ACTIVITY -
Nothing but the lines from the one containing "Épargne : derrière" through the last line of the records belongs in the answer, copied exactly and with the pictures left out.

PROVIDED DATA -
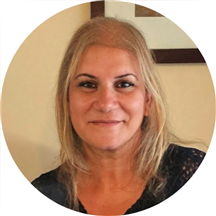 Maral Arakelian, LMFT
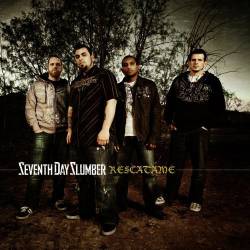 Seventh Day Slumber : Rescatame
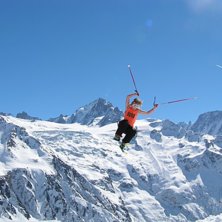 Foto: Fredrik gustaffson. &Aring;kare: Andreas Clifford.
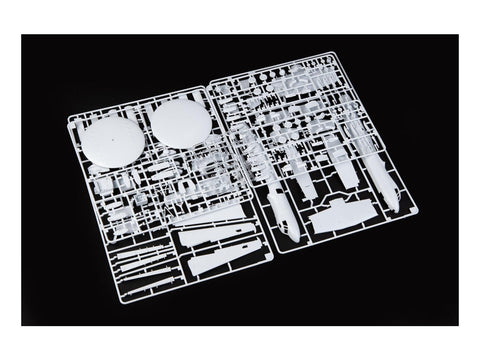 Eduard Grumman E-2C Hawkeye „Eyes of the Fleet“ modelis 1/72 riboto leidimo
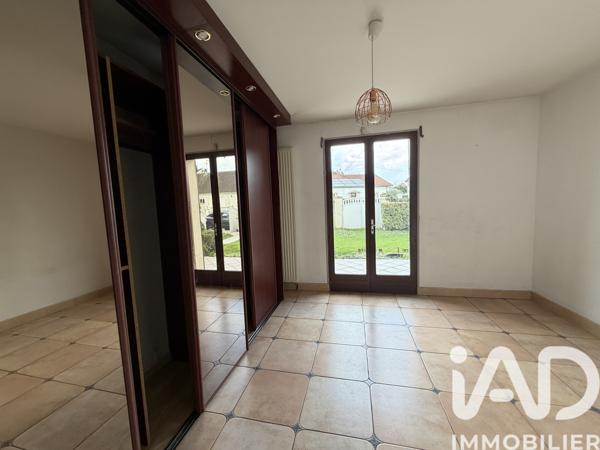 Maison à vendre 6 pièces 204 m² Brunoy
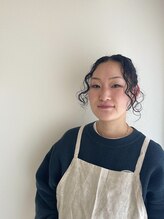 モアナ(MOANA)&nbsp;Otsuka 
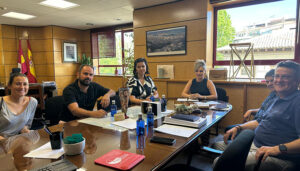 La Junta concede cuatro nuevos carnés de artesanos y un título de empresa artesana en la provincia de Cuenca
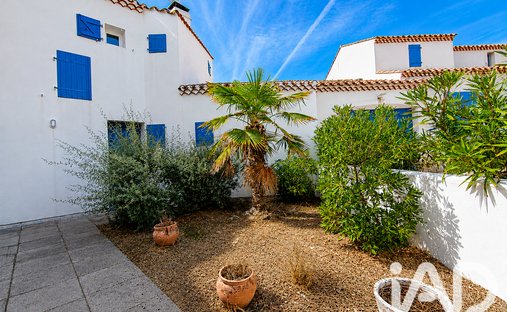 House in La Tranche-sur-Mer, Pays de la Loire, France 1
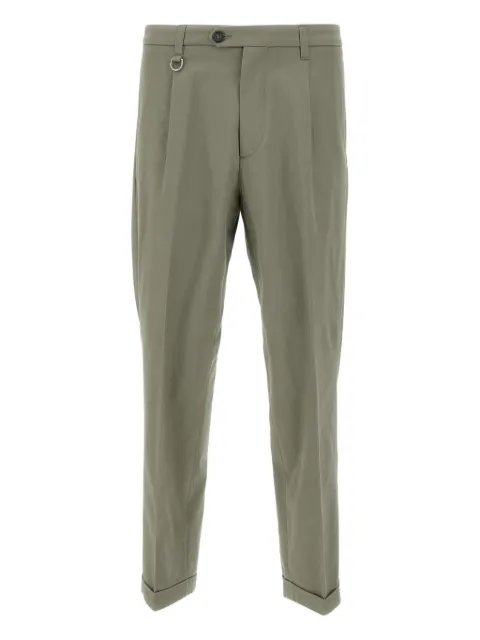 Paolo Pecora chino trousers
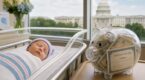 Épargne : derrière les 1000$ offerts aux bébés par Trump, le calcul très intéressé des milliardaires américains
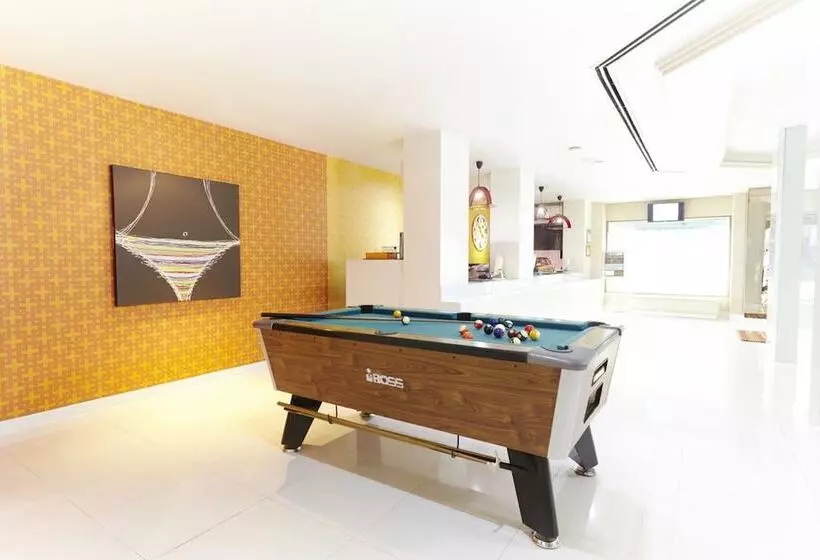 Fotos del hotel Baiyoke Boutique:  6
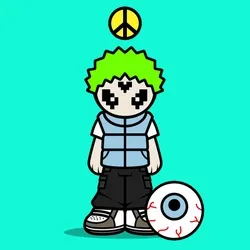 Degen Kidz #2978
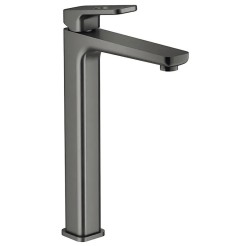 Змішувач для умивальника високий Koer KB-11031-07 (KR5435) Змішувач для умивальника високий Koer KB-11031-07 (KR5435)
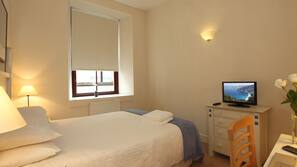 1 bedroom, premium bedding, in-room safe, blackout drapes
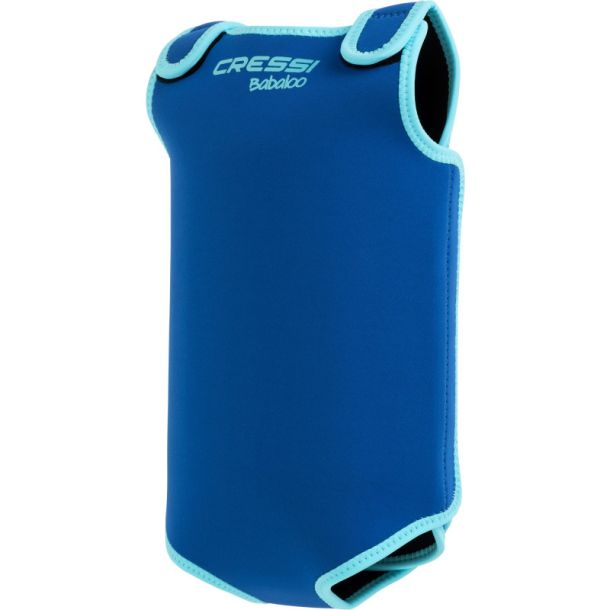 Cressi Baby Warmer Shorty barn 1,5 mm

TASK RESPONSE -
 Épargne : derrière les 1000$ offerts aux bébés par Trump, le calcul très intéressé des milliardaires américains
 Fotos del hotel Baiyoke Boutique:  6
 Degen Kidz #2978
 Змішувач для умивальника високий Koer KB-11031-07 (KR5435) Змішувач для умивальника високий Koer KB-11031-07 (KR5435)
 1 bedroom, premium bedding, in-room safe, blackout drapes
 Cressi Baby Warmer Shorty barn 1,5 mm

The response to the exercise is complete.